Task requirements — Determine how many lines in the records that follow hold the string "Plus". Only that number should be returned.

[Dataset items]
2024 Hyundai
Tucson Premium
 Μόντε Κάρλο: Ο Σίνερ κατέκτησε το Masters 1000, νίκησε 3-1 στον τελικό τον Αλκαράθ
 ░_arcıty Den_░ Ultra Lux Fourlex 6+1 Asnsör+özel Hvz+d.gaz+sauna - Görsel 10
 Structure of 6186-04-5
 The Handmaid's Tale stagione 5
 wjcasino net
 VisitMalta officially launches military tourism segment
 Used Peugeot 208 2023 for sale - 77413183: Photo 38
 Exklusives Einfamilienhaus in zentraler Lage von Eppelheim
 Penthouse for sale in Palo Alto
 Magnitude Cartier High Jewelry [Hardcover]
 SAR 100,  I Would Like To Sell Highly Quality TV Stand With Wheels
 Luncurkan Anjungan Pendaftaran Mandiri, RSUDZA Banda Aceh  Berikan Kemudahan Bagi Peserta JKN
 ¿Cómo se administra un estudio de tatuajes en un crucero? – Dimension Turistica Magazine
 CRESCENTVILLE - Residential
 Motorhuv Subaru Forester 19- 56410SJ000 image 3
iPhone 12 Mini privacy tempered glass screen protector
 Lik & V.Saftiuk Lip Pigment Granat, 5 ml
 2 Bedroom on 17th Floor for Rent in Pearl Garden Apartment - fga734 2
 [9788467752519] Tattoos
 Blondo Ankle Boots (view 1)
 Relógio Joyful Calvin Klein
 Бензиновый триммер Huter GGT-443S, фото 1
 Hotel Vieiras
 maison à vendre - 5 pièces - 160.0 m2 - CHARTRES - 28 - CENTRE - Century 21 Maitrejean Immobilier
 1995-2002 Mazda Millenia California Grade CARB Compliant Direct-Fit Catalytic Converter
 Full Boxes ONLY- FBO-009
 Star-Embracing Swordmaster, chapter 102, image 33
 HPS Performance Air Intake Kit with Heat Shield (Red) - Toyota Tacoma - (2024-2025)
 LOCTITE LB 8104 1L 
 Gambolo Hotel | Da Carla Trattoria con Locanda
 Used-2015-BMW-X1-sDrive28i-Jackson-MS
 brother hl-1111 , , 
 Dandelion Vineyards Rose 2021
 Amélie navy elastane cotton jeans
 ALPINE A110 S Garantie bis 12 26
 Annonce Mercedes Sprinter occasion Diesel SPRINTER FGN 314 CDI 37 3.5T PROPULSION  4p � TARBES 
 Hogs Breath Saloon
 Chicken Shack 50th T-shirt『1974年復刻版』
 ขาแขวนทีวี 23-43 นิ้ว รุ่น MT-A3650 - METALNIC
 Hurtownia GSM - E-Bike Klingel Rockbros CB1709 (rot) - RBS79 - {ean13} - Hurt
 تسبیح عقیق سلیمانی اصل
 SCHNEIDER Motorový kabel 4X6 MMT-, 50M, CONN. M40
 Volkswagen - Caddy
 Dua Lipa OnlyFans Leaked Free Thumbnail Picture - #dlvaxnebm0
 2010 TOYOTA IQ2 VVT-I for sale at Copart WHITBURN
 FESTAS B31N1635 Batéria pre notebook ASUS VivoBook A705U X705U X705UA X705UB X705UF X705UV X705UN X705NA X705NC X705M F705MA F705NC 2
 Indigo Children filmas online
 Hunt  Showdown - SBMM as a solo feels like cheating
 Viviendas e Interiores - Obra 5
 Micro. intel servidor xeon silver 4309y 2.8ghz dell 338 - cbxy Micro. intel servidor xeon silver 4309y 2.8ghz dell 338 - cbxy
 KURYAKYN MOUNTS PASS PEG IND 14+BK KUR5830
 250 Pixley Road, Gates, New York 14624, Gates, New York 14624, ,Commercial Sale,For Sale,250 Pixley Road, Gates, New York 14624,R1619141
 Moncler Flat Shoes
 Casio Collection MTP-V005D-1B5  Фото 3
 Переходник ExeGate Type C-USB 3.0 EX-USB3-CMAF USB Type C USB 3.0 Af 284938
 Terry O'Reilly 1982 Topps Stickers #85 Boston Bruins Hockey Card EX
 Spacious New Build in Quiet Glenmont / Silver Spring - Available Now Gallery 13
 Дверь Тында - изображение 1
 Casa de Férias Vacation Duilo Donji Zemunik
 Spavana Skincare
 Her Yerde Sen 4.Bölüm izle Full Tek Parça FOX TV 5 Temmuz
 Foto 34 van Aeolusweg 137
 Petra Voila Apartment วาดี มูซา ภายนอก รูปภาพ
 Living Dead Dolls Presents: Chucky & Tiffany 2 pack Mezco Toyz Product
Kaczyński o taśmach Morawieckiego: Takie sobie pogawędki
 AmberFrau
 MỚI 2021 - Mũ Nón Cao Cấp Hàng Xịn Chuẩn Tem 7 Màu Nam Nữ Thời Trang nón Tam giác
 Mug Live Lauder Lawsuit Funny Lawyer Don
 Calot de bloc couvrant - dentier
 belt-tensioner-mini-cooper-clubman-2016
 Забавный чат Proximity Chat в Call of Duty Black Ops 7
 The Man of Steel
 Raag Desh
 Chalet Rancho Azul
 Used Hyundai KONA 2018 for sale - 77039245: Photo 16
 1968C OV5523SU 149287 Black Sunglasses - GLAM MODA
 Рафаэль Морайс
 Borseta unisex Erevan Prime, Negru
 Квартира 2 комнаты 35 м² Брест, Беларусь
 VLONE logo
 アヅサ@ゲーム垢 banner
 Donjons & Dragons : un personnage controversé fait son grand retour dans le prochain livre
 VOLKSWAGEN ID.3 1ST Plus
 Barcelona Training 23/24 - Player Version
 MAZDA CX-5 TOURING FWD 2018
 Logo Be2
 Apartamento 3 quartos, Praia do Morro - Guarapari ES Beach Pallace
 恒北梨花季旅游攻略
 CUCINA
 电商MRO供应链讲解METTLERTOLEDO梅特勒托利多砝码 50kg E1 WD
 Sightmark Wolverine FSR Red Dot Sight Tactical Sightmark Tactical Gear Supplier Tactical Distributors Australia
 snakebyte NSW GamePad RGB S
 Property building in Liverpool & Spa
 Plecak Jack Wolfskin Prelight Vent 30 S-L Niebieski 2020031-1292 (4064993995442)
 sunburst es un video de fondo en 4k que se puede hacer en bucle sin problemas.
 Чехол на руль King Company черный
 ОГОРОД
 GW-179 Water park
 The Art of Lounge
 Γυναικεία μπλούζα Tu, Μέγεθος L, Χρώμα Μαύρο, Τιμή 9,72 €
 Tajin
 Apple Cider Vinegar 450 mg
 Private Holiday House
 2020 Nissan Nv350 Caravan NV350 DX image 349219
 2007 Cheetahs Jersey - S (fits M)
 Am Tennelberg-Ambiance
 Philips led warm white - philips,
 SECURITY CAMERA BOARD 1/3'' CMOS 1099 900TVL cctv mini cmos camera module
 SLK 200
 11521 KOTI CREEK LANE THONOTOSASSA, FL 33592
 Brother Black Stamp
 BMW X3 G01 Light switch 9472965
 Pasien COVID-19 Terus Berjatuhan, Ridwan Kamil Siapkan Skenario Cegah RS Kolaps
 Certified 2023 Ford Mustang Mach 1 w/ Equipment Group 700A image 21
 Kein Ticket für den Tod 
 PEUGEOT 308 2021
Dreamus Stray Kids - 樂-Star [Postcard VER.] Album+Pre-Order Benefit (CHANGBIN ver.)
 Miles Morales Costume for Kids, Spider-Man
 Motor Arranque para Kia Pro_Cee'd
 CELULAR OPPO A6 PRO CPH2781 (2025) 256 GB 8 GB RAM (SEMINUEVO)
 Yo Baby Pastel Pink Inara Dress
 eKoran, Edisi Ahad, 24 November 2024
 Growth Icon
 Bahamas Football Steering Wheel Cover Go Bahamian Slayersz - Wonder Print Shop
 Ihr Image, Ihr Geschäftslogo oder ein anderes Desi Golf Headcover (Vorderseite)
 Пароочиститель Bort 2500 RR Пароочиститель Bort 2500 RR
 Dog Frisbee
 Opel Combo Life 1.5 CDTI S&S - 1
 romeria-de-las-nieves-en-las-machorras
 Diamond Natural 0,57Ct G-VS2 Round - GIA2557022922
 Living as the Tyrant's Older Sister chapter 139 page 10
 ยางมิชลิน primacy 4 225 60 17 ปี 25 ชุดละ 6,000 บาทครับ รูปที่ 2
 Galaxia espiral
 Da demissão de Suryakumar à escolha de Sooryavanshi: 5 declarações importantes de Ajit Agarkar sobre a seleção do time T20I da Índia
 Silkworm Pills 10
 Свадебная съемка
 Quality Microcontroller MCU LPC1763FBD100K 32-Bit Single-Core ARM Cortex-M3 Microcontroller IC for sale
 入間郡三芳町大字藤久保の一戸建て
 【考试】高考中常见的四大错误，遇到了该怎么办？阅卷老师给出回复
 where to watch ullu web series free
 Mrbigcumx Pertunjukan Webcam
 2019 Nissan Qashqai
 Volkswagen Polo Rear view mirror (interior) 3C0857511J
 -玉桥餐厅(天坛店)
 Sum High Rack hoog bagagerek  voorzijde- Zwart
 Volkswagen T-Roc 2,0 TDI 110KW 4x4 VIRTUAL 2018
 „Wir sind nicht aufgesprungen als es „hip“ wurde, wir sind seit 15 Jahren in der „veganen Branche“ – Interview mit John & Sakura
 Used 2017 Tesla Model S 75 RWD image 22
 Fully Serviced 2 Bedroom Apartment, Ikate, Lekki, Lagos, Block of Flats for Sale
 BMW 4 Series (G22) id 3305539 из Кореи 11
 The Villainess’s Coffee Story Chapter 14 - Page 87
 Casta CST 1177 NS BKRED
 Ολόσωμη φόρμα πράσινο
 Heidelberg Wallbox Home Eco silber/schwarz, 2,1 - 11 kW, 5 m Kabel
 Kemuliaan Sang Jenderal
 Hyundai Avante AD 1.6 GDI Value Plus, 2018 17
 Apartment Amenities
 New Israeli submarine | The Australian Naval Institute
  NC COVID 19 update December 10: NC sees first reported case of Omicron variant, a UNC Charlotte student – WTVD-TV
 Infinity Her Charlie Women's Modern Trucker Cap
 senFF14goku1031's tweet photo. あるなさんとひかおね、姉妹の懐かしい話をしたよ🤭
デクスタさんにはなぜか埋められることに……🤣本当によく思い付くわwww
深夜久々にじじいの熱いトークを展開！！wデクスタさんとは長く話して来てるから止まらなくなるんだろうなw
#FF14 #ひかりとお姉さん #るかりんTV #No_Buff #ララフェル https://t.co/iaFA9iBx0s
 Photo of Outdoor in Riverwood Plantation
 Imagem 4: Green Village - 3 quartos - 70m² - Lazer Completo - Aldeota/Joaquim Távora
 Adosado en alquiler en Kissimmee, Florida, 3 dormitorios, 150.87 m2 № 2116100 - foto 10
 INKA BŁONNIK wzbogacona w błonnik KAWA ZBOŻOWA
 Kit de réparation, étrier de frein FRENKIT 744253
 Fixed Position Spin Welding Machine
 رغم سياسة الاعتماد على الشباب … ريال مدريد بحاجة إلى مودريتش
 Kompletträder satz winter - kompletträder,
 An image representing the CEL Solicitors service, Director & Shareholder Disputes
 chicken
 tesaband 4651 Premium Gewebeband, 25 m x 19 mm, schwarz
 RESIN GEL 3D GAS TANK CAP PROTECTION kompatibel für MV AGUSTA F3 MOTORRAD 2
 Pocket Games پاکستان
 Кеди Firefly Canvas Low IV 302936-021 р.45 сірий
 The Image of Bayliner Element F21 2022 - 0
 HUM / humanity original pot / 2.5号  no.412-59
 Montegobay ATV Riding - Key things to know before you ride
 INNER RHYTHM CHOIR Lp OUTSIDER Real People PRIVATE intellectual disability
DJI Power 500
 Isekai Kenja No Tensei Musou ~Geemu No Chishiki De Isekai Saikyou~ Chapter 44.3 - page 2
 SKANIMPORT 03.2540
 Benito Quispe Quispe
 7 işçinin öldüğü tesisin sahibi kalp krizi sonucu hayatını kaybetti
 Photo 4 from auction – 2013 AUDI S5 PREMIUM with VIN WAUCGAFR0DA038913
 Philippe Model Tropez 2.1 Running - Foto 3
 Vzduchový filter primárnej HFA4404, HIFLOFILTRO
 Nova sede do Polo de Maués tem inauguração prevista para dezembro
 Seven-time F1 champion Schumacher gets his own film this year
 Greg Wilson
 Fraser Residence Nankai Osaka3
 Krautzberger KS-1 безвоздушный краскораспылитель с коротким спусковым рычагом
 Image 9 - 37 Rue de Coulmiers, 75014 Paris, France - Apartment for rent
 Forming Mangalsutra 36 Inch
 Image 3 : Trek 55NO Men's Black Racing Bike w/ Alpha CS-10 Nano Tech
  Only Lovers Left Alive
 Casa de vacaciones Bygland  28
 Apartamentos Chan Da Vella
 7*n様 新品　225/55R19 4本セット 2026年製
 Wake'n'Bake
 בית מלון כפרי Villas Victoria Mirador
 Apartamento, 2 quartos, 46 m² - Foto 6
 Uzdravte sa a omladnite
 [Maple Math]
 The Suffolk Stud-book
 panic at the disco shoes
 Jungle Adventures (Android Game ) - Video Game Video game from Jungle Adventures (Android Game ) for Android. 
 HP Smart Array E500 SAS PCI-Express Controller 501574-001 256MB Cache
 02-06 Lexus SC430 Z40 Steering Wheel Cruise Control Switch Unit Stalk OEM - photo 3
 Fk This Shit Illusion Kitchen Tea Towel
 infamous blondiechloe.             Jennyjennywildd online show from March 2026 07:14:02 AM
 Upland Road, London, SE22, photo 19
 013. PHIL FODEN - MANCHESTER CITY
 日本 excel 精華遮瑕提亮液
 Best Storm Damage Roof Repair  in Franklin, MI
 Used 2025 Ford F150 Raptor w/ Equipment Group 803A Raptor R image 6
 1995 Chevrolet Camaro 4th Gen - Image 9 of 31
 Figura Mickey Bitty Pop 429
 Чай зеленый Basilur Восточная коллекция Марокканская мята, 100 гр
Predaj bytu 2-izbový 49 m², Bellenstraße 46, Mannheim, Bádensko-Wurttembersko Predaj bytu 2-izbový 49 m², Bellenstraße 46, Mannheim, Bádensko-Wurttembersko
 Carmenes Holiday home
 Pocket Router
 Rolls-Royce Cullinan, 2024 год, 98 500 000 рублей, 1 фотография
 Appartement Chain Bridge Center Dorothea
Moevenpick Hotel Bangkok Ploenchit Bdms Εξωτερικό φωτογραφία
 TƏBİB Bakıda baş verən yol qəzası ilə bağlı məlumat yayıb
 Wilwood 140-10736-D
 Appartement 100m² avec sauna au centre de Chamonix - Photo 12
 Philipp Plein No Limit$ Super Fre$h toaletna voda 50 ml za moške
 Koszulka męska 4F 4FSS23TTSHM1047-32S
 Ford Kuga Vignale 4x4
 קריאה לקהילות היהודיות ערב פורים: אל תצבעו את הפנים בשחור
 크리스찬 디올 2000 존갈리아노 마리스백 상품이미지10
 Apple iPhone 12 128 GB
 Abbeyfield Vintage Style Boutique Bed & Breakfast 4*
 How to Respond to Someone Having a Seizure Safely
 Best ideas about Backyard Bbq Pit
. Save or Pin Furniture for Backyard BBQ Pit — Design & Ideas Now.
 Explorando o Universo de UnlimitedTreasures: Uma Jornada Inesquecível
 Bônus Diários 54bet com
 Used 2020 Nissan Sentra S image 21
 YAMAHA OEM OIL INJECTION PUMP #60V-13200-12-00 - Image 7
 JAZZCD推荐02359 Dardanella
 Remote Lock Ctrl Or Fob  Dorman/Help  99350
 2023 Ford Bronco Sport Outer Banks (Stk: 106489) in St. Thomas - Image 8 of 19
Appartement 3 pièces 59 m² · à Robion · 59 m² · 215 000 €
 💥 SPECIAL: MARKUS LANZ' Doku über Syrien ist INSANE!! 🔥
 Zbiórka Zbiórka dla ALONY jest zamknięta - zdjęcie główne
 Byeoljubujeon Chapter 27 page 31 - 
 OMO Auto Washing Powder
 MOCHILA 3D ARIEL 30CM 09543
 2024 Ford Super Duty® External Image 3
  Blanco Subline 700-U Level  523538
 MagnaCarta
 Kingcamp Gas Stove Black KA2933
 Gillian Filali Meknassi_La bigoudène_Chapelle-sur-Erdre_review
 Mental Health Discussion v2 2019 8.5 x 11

Written response — 2